Using the data from the ASHFoundation grant, in 2017 Venezia applied for and received a five-year VA Career Development Award to fund his salary and several research studies investigating the auditory processing deficits experienced by military veterans who had been exposed to a high-density blast (explosion). Many of these veterans, often relatively young, return from service with normal peripheral hearing and no obvious signs of neural degeneration, yet they report auditory deficits resembling those that commonly arise during early aging. 

"The primary goal of the project is to look at the interactive effects of aging and blast exposure on hearing and auditory processing," Venezia says. "My plan is to further develop the bubbles procedure that was funded by the ASHFoundation so it can be combined with functional imaging to probe the auditory-cortical mechanisms involved in blast injury."

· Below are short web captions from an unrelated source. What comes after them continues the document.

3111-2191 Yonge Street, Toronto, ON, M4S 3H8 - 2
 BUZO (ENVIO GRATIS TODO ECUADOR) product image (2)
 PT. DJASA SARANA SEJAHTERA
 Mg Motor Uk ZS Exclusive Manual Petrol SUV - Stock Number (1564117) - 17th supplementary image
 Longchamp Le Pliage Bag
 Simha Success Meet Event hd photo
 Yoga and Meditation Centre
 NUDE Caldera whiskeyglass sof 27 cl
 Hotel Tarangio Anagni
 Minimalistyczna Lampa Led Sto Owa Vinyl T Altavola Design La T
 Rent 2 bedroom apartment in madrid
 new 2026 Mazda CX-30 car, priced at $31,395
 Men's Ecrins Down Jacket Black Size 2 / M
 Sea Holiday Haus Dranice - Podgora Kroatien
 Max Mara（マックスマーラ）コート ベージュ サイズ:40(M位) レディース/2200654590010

It was, in fact, that initial funding from the ASHFoundation that put Venezia on the path to develop his independent research career. "Up to that point," he explains, "I had not applied for any formal funding, so it was my first opportunity to have my research evaluated by other scientists and to think about exactly where I wanted to go with it, and then to synthesize my ideas into a meaningful proposal. It was a great way to increase my confidence so I could apply for additional funding. The ASHFoundation really has been a launching pad for my career. Without its help, I wouldn’t be where I am today."